また、毎回の調整料が治療費に含まれている場合もあれば、別途必要になる場合もあります。
矯正治療を検討する際には、総額でどのくらい必要になるのかを事前に確認しておくことが大切です。
治療後にかかる費用
矯正治療が終了した後も、後戻りを防ぐために保定装置(リテーナー)を使用します。
また、定期的な経過観察のための通院が必要になることがあります。
保定装置の費用や保定期間中の通院費用が含まれているかどうかも確認しておくとよいでしょう。
口ゴボの矯正治療は医療費控除の対象になる?
矯正治療を受ける際に、医療費控除について気になる方もいらっしゃるかもしれません。
医療費控除とは、1年間に支払った医療費が一定額を超えた場合に受けられる所得控除制度です。
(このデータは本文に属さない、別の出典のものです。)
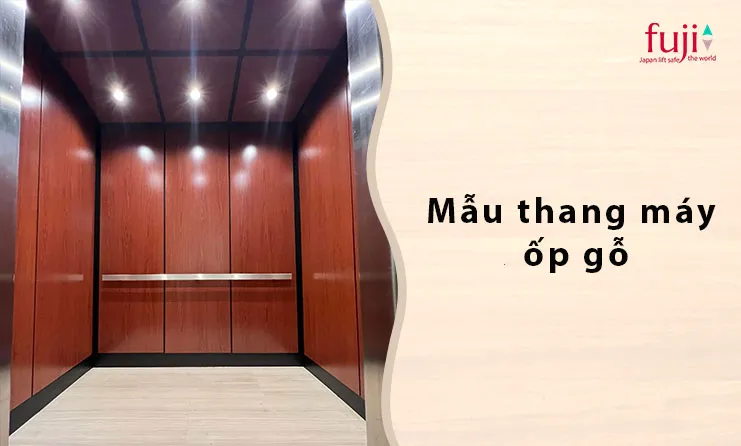 Mẫu thang máy giá rẻ ốp gỗ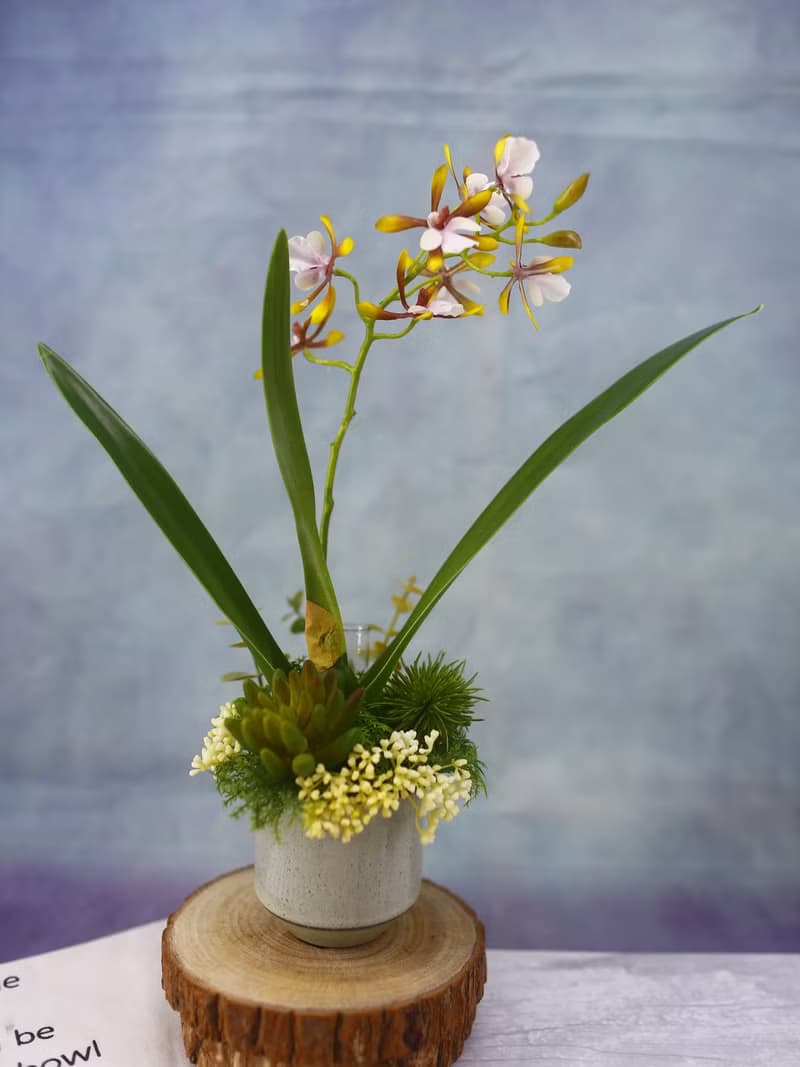 咖啡小蘭花日式陶盆香氛花禮/入厝禮/開幕/喬遷/送禮/植栽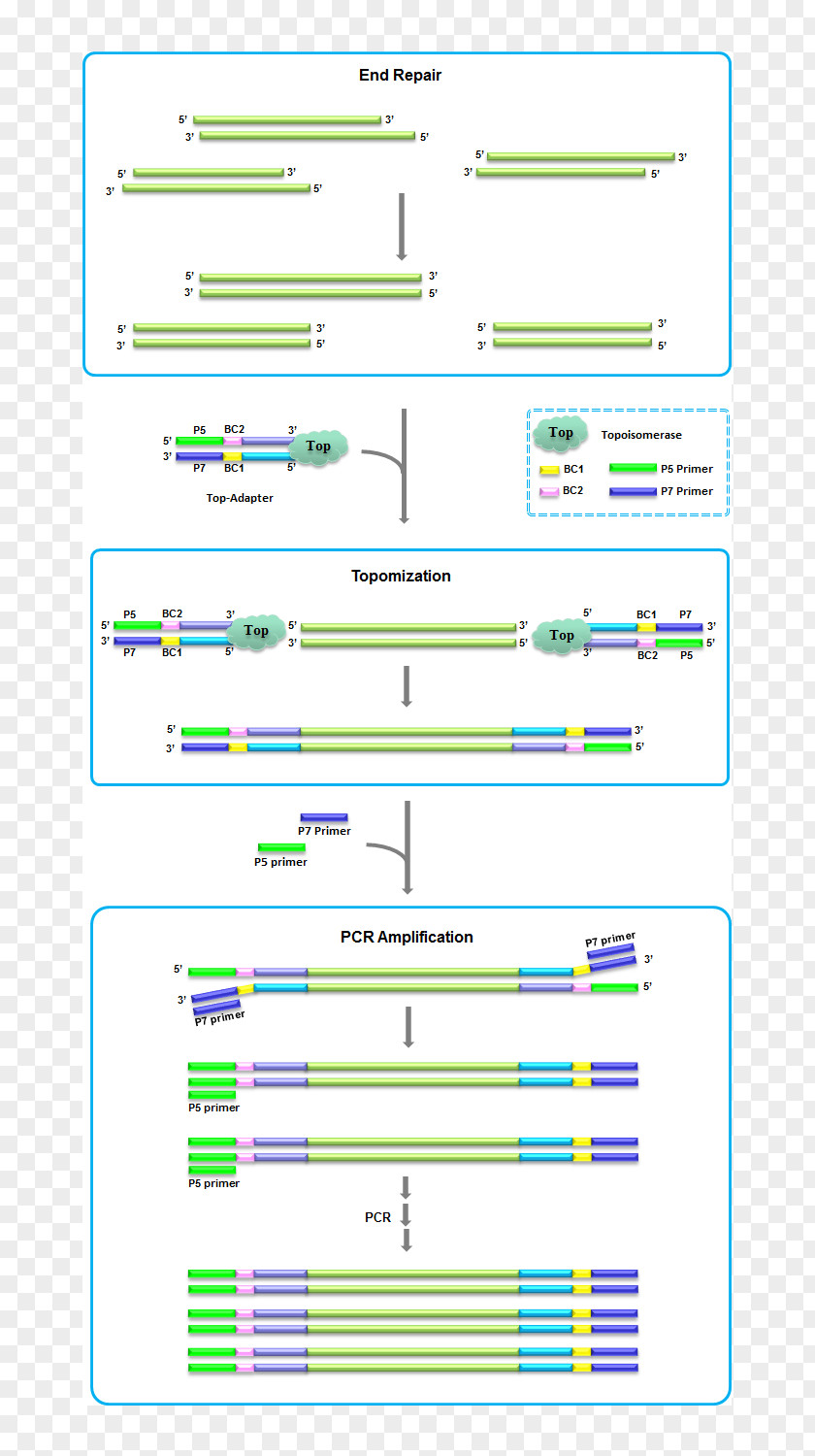 Fragmented Library DNA Fragmentation Sequencing PNG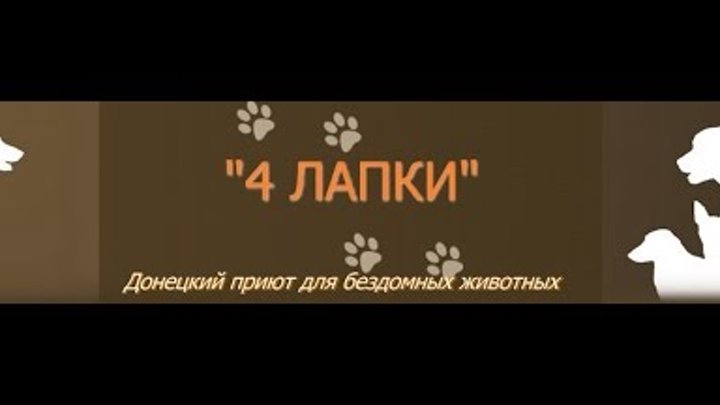 4 лапки приют для животных донецк. Приют четыре лапы в донецке. Приют для собак в донецке 4 лапки. Приют четыре лапы в донецке. Приют 4 лапки донецк.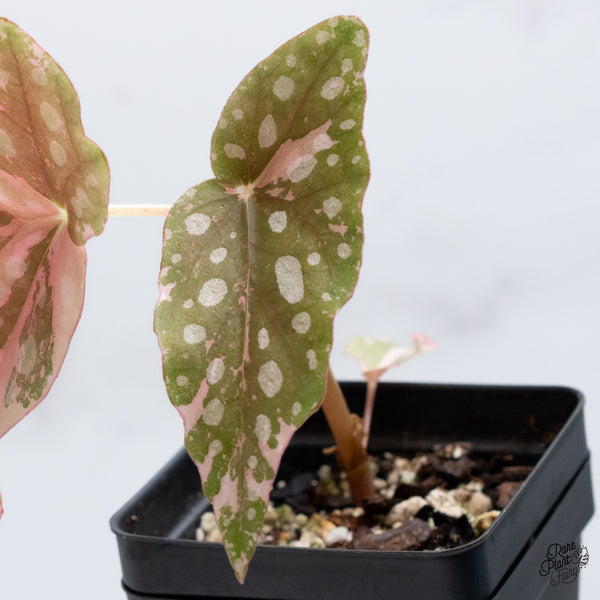 Begonia Maculata Pink Variegated (wk36-C)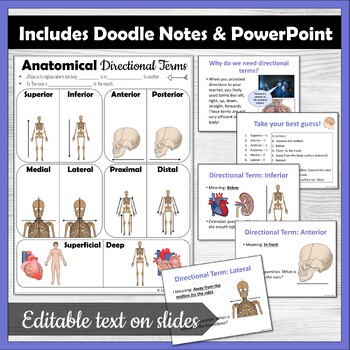 anatomical directional terms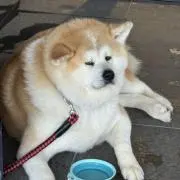 えば
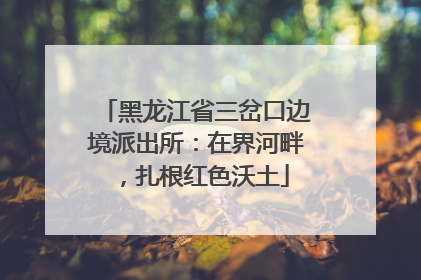 黑龙江省三岔口边境派出所：在界河畔，扎根红色沃土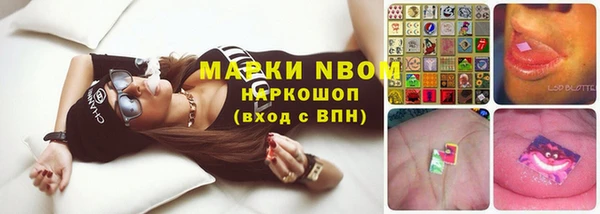 стаф Алексин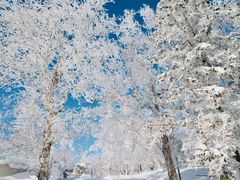 -雪谷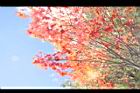 青楓-紅葉030.JPG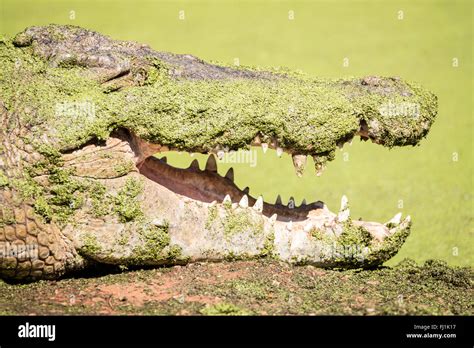 Malcolm Douglas Crocodile Park Hi Res Stock Photography And Images Alamy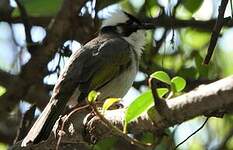 Bulbul de Chine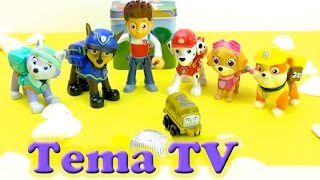 ЩЕНЯЧИЙ ПАТРУЛЬ ловим рыбу открываем сюрпризы PAW PATROL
口ゴボの矯正治療が医療費控除の対象となるかどうかは、治療目的や年齢などによって判断が異なります。
詳しくはお近くの税務署へご確認ください。
よくある質問
当院で口ゴボでお悩みの方からよく受ける質問です。
口ゴボは自力で改善できますか?
口呼吸などの習慣を改善することで口元の状態が良くなる場合はありますが、歯並びや骨格が原因となっている口ゴボを自力で改善することは難しいことが多いです。
大人になってからでも治療できますか?
はい。矯正治療は大人になってからでも可能です。当院でも20代〜40代を中心に幅広い年代の方が治療を受けられています。
口ゴボの治療では必ず抜歯が必要ですか?
必ずしも抜歯が必要になるわけではありません。ただし、口元の突出が強い場合には抜歯を伴う矯正治療が有効な選択肢になることがあります。
マウスピース型矯正装置でも治療できますか?
症例によっては可能です。ただし、口元を大きく改善したい場合には治療方法の選択が重要になるため、精密検査を行ったうえで判断する必要があります。
口ゴボの治療は保険適用になりますか?
一般的な矯正治療は自由診療となります。ただし、顎変形症など一定の条件を満たす場合には保険適用となることがあります。
抜歯矯正で口元が引っ込みすぎたり、老け顔になったりしませんか?
抜歯を伴う矯正治療では口元の印象が変化することがあります。ただし、過度に口元が下がりすぎないよう、横顔や口唇のバランスを考慮しながら治療計画を立てることが重要です。
実際にどの程度変化するかは歯並びや骨格によって異なるため、精密検査を行ったうえで治療方針を判断する必要があります。
口ゴボは遺伝しますか?
顎の骨格や歯並びには遺伝的な要素が関係する場合があります。ただし、口呼吸や舌の癖などの環境要因も影響するため、必ず遺伝だけで決まるわけではありません。
口ゴボは年齢とともに悪化しますか?
加齢そのものが直接の原因ではありませんが、口呼吸や歯周病、かみ合わせの変化などによって口元の印象が変化することがあります。気になる場合には早めに相談することをおすすめします。
まとめ
口ゴボは見た目の問題だけでなく、口呼吸やかみ合わせなどと関係している場合があります。
また、一言で口ゴボといっても、前歯の傾きが原因の場合もあれば、骨格が関係している場合もあります。
そのため、まずは原因を正確に把握することが大切です。
歯並びが原因となっている場合には、矯正治療によって口元の印象が改善することもあります。
一方で、抜歯の必要性や治療方法の選択によって治療結果は大きく変わることがあります。
実際には、レントゲン撮影や口腔内診査を行わなければ、どのような治療方法が適しているか判断することはできません。
口元が気になる方は、インターネットやSNSの情報だけで判断するのではなく、まず現在の状態を正確に把握することが大切です。
矯正相談で現在の状態を確認し、その後に精密検査を行ったうえで治療方針をご提案します。